なんだかんだ言って、そういうギャンブル性高いヤツ好きだよな…ゼロ。
「今ね、状態異常:混乱だって」
ギャンブル性高い割にはよく聞く状態異常でたな。
なるほど、確かに混乱している。話してる内容も噛み合ってないし動きもなんの意図も感じない。見ているうちに、なんの脈絡もなく走り出した一人の騎士が何かを踏んだ。
カチっという、不吉な音が響く。
これ、確実に新たなトラップ踏んだんじゃないか?
もちろん混乱中の騎士達にそんな普通の判断ができる筈もなく、しゃがみ込んで土に文字を書いたりスキップしだしたり、危機感のカケラもない行動しかしていない。
そんな騎士達に、上から何かが降ってきた。
スラっちから分裂したスライムメイジ達が三体。…モンスタートラップだ!!
見た目はアレだがスライムメイジ達はうちのダンジョンのモンスターの中でも精鋭達だ。混乱してる場合じゃねぇぞ、チャラたれ目騎士!
…と思って姿を探したら、楽しそうに走り幅跳びをキメているところだった。…しょうがない事だが脱力する…。
そんなチャラたれ目騎士に、スライムメイジがキツい体当たりをかました。メイジなのに肉弾戦とか…本気にするまでもないと思ってるのか…?

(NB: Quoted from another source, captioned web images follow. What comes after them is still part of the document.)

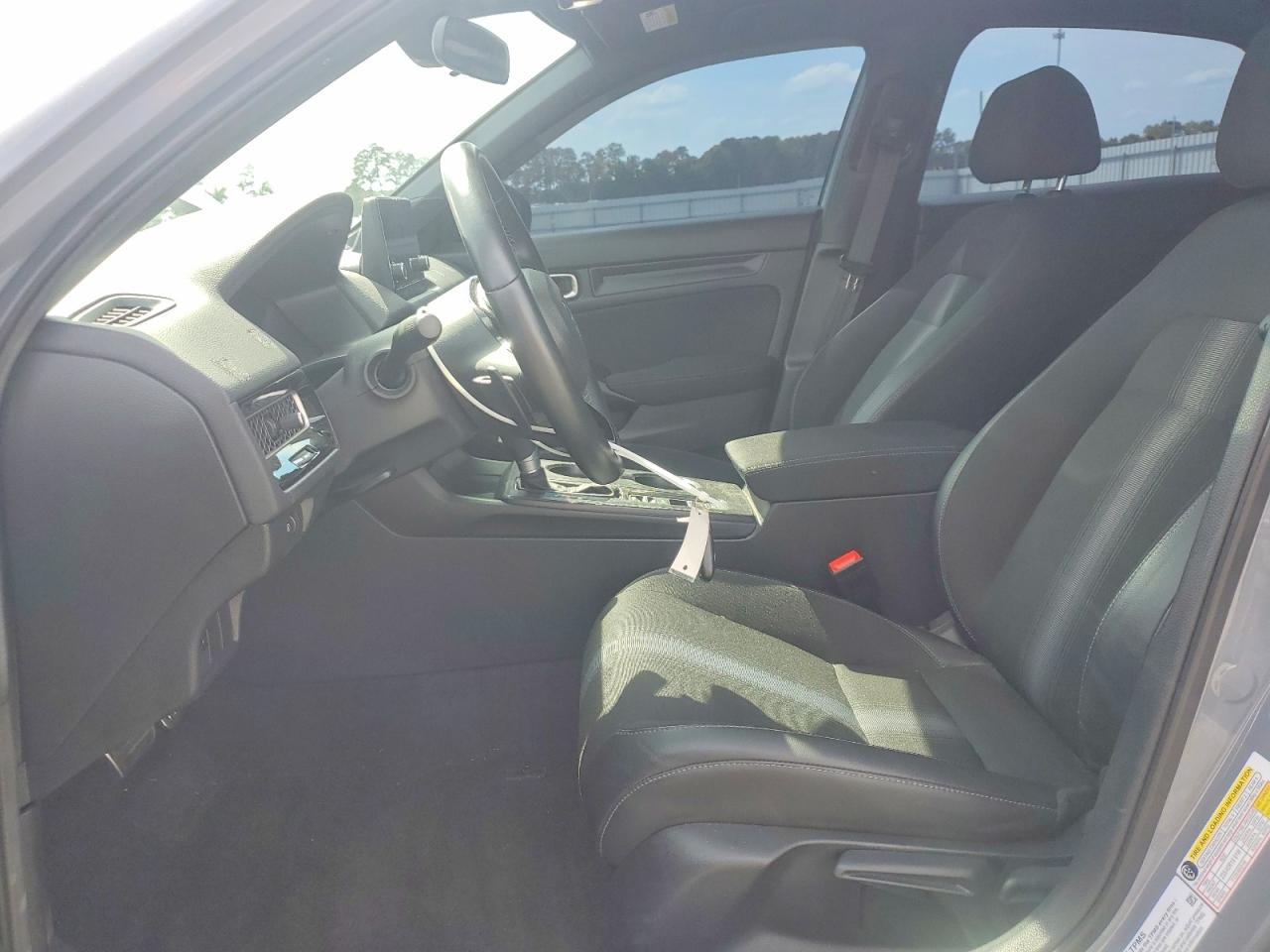 Honda Civic Sport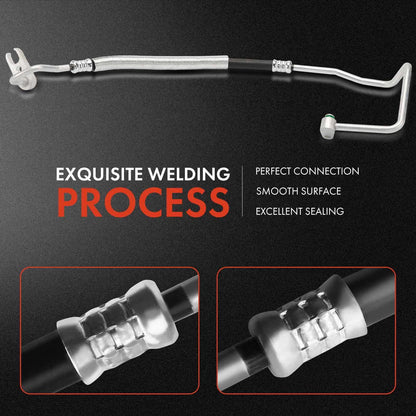 A/C Discharge Line Hose for Chevy Aveo/Aveo5 (2006–2008)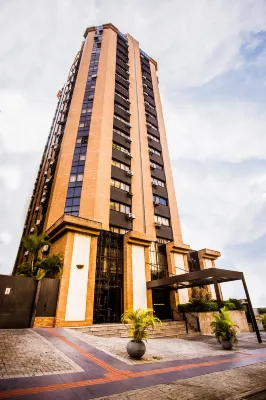 Hampton Park São Paulo Jardins Các khách sạn ở São Paulo
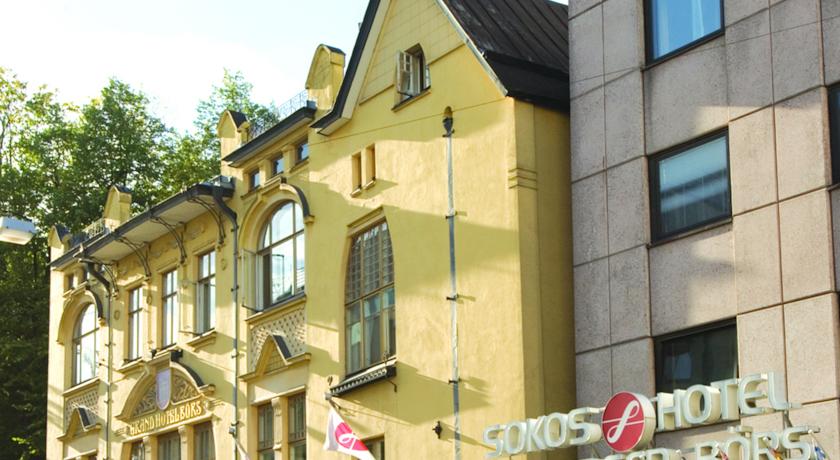 
Airport Hotel Pilotti
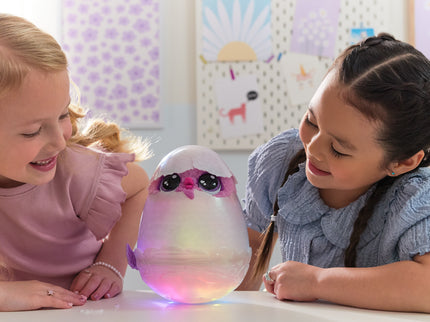 HATCHIMALS interaktiivne mänguasi Hatchimals Alive Pufficorn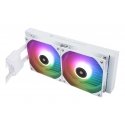 Thermalright Frozen Notte 240 ARGB V2 Processor Liquid cooling kit 12 cm White 1 pc(s)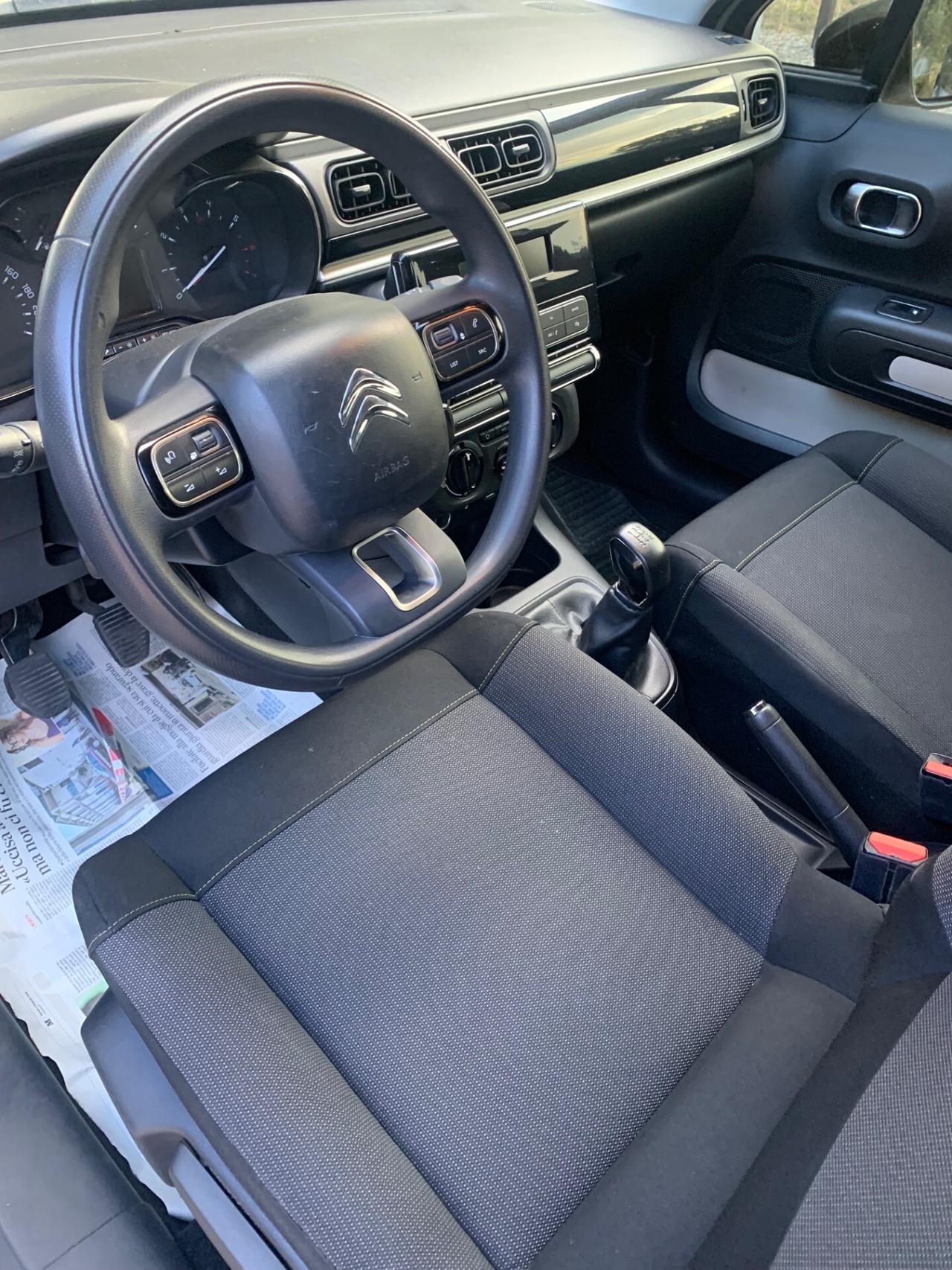 Citroen C3 BlueHDi 75 S&S Shine 100000 KM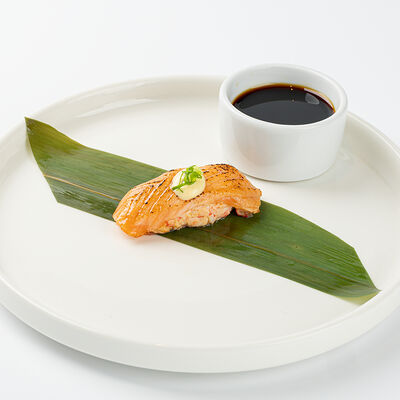 Суши без риса Лосось в Магадан по цене 390 ₽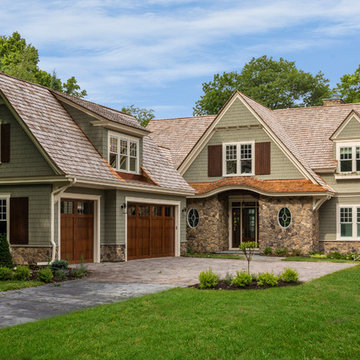 Lakeside Cottage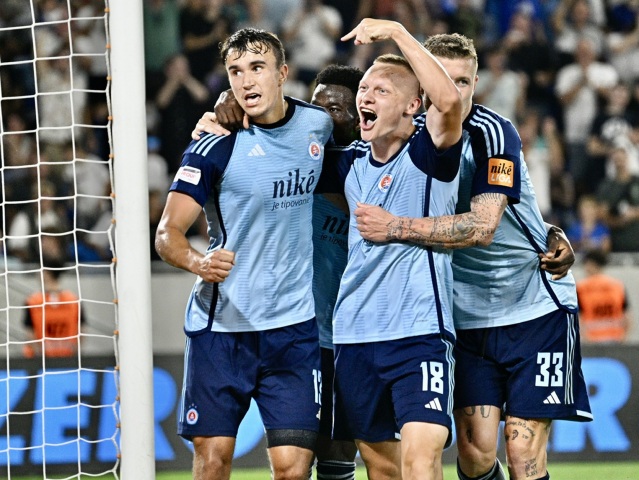 07. Slovan vs. Limassol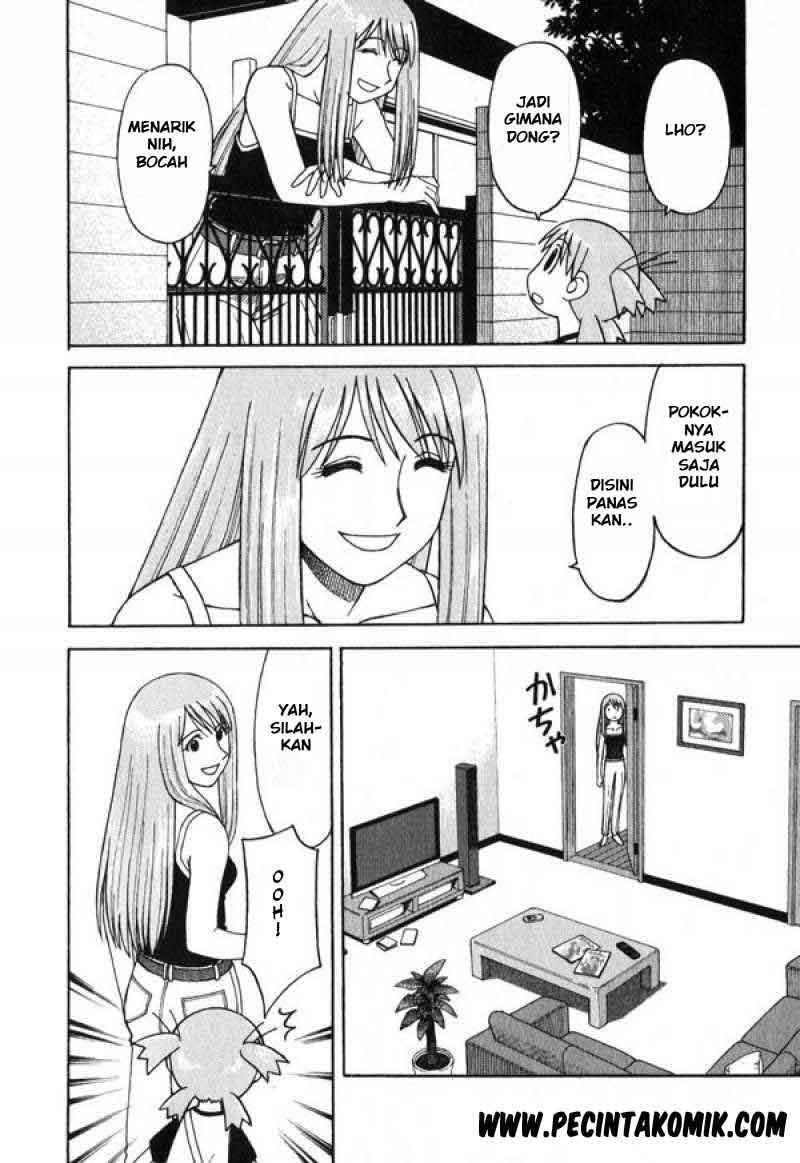 yotsuba-to - Chapter: 3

でももしかしたら衝撃で正気に戻るかも!確かにこのままじゃあまりに憐れだ。いいとこ無しだし。
祈りを込めてチャラたれ目騎士を見守る。着地直後のスライムメイジの体当たりで思いっきり吹っ飛び、派手に転がったあげく倒れていたチャラたれ目騎士は、勢い良く起きあがる。
どうだ!?
………ダメだ、女座りでさめざめと泣き始めた。絶対に混乱中だ。